Miriam n’est pas convaincue par l’éloge que fait le philosophe de la solitude. Elle se range à la tradition qui, de Platon à Spinoza, affirme qu’il est impossible de vivre, et encore plus de vivre bien, sans autrui. « Et pourquoi les faibles l’inquiètent-ils donc à ce point ? Les faibles, chez Nietzsche, ont toujours l’air de vouloir piéger les forts. Mais aider les faibles ne peut-il aussi être un signe de force ? » Nous revenons à Maïmonide : brillant philosophe, jurisconsulte, médecin, et dirigeant dans sa communauté, il a toutes les apparences de l’Übermensch nietzschéen. Il se peut même qu’il ait nourri autant de mépris à l’égard des masses que Nietzsche lui-même, mais il n’en a pas moins passé la majeure partie de sa vie à tenter d’élever la communauté juive, sur les plans spirituel et moral.
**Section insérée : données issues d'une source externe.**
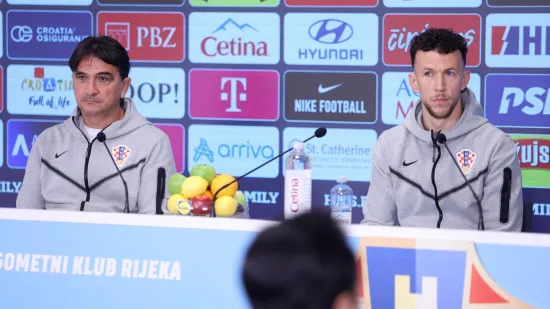 Perišić: 'Znam da se bliži kraj'; Dalić: 'Nadam se da neću dobiti otkaz'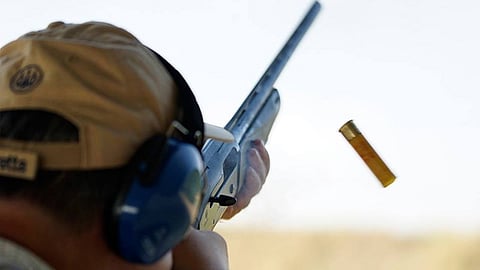 La empresa Pietro Beretta entregará constancia de certificación del curso a los participantes (Foto ilustrativa: Beretta)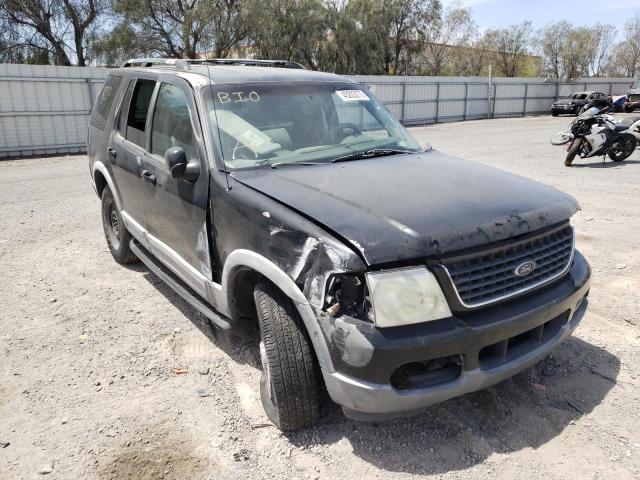 FORD EXPLORER X 2002 with VIN 1FMZU73E92ZA63085 - Photo from auction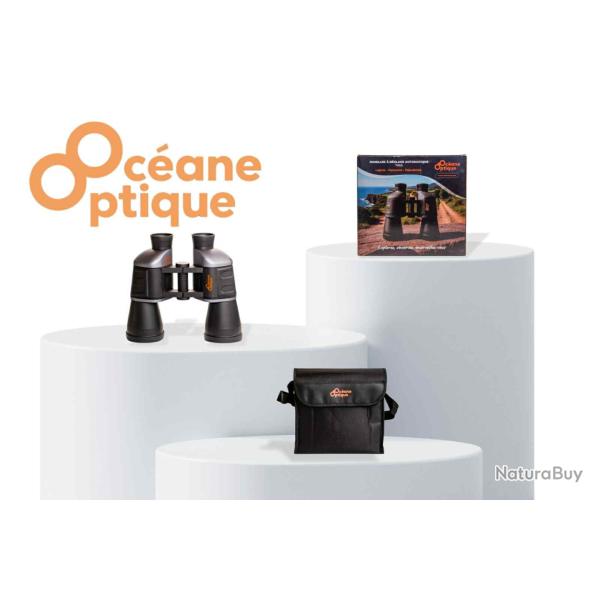 Jumelles automatiques 7x50 avec autofocus (vision cr�pusculaire et anti-reflet)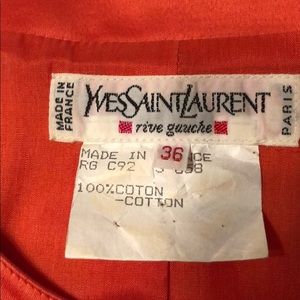Yves Saint Laurent Jackets & Coats - Yvette Laurent jacket Yves Saint Laurent Jackets & Coats - Yvette Laurent jacket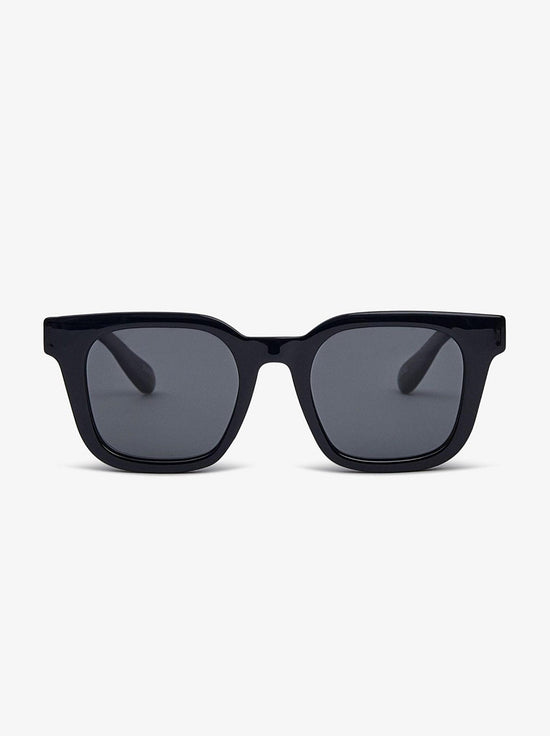 Local Supply - BKK - Black Frame / Grey Lens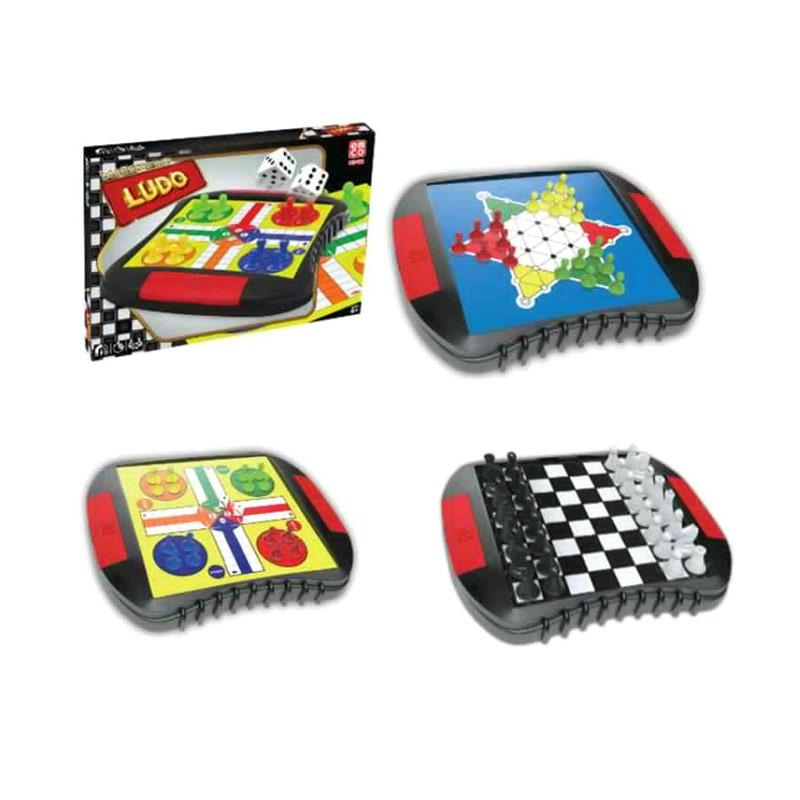 Jual Emco Magnetic Games Wave 1 6 Assorted Mainan Anak Random Online Desember 2020 Blibli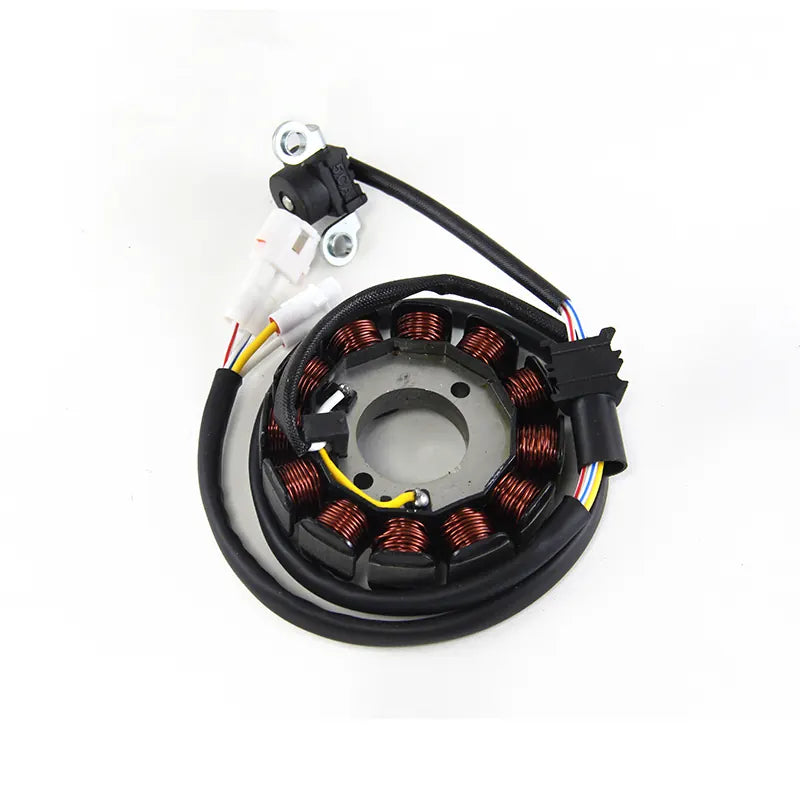 WR250/ WR250F Magnetic Motor Motorcycle Generator Magneto Stator Coil for yamaha Engine Parts, product view 04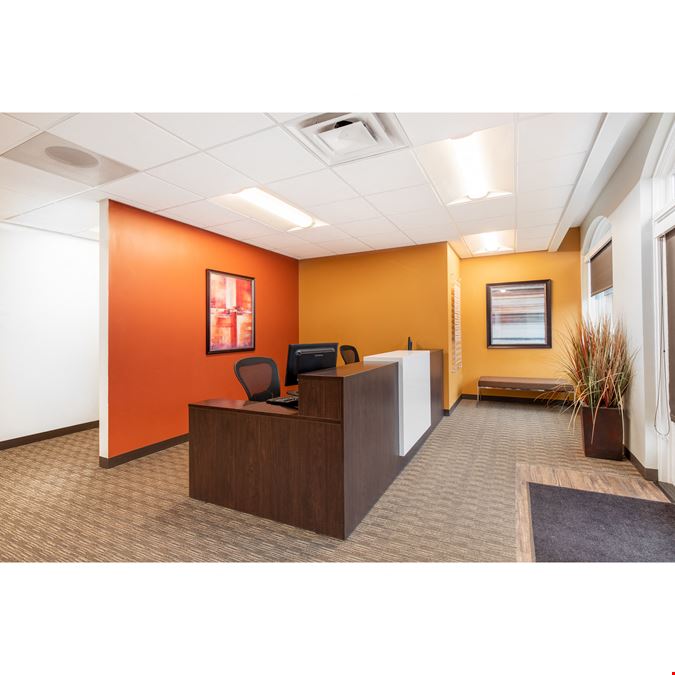 Regus - Conyers - Corner Market at Almand Creek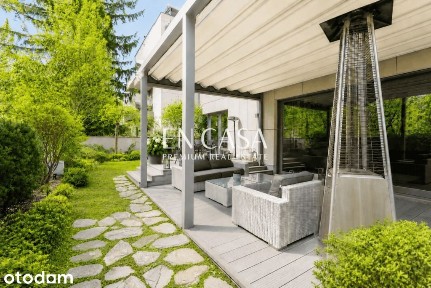 Biały kruk | 125 m2 i ogród 150 m2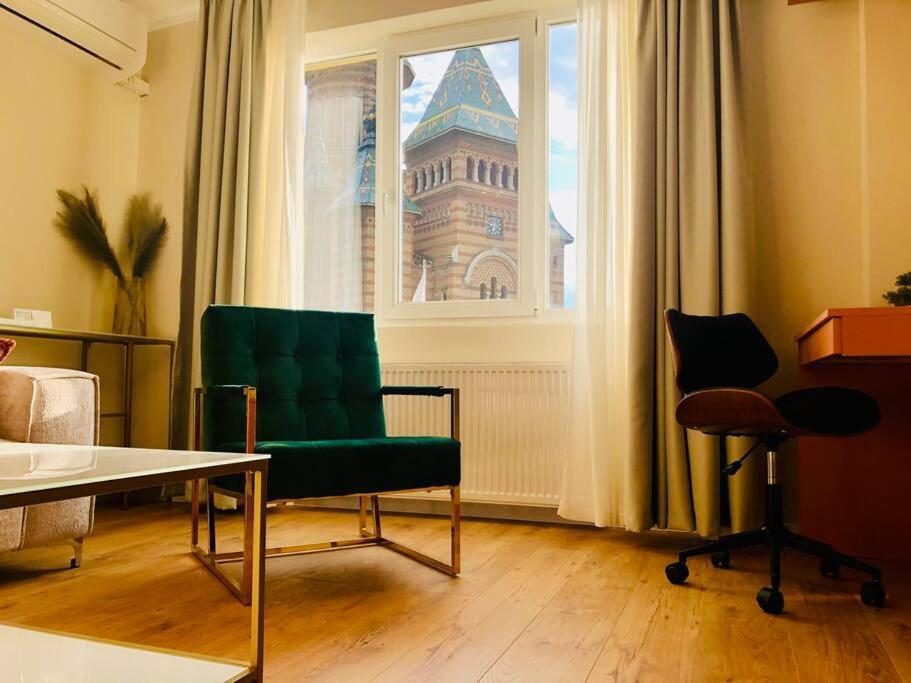Joy City Stay Victoriei 7G-13 Timişoara Eksteriør billede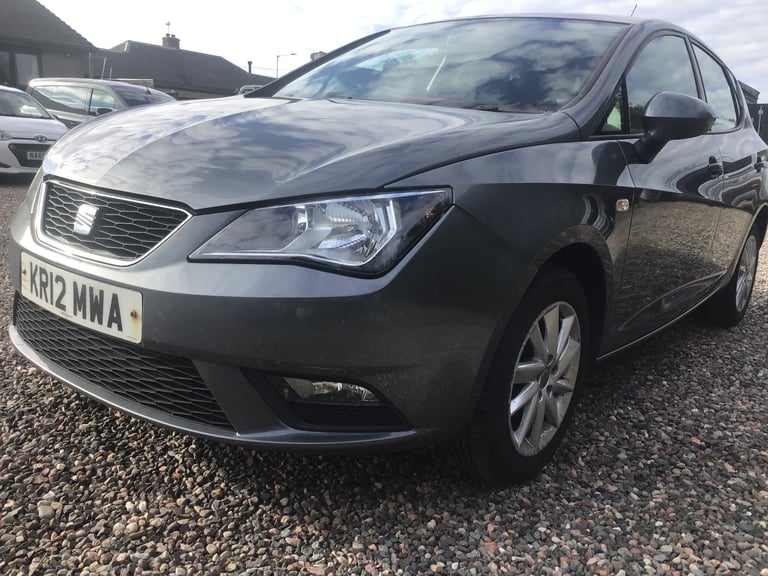 Seat, IBIZA, Hatchback, 2012, Manual, 1390 (cc), 5 doors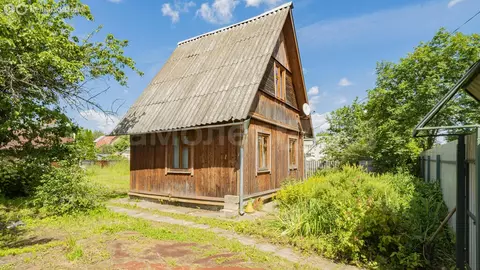 Дом в Наро-Фоминский городской округ, СНТ Родничок Завод 400, 2 (50.7 ...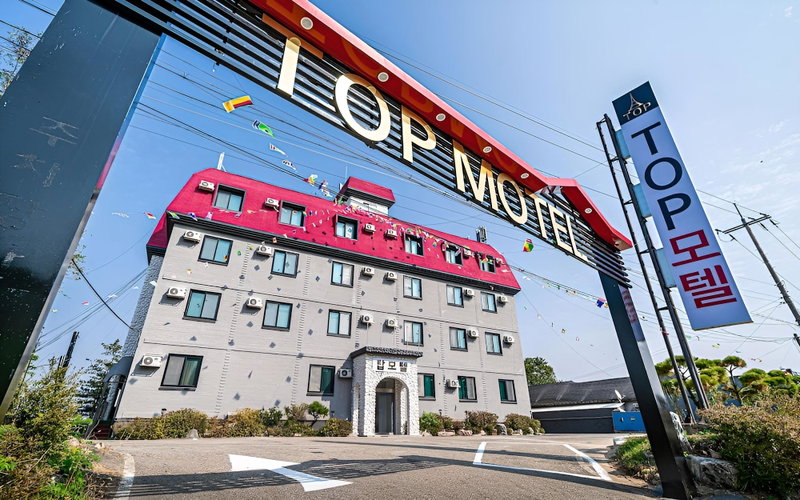 Incheon Top Motel, Incheon, South Korea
Lors de notre dernière rencontre, nous débattons de la notion nietzschéenne d’éternel retour. « Si Nietzsche a raison, nous aurons exactement cette même discussion éternellement », dis-je. Ils ne sont pas plus convaincus que moi par cette théorie, mais ils sont fascinés par l’expérience de pensée développée par Nietzsche dans Le Gai savoir :
« Imaginez un messager divin qui vous révèlerait que cette vie, telle que vous êtes en train de la vivre et l’avez vécue par le passé, il vous faudra la revivre encore, un nombre de fois infini ; et qu’il n’y aura rien de nouveau, puisque chaque souffrance, chaque plaisir, chaque pensée et chaque soupir, et chaque aspect de votre vie, qu’il soit infime jusqu’à l’indicible ou sublime, reviendra, s’enchaînant dans le même ordre. »
Que feriez-vous – « grincer des dents et le maudire », ou bien proclamer, « tu es un dieu, je n’ai jamais rien entendu de si divin ! » ?
Ce texte est paru dans la Jewish Review of Books de l’automne 2012. Il a été traduit par Adrienne Boutang.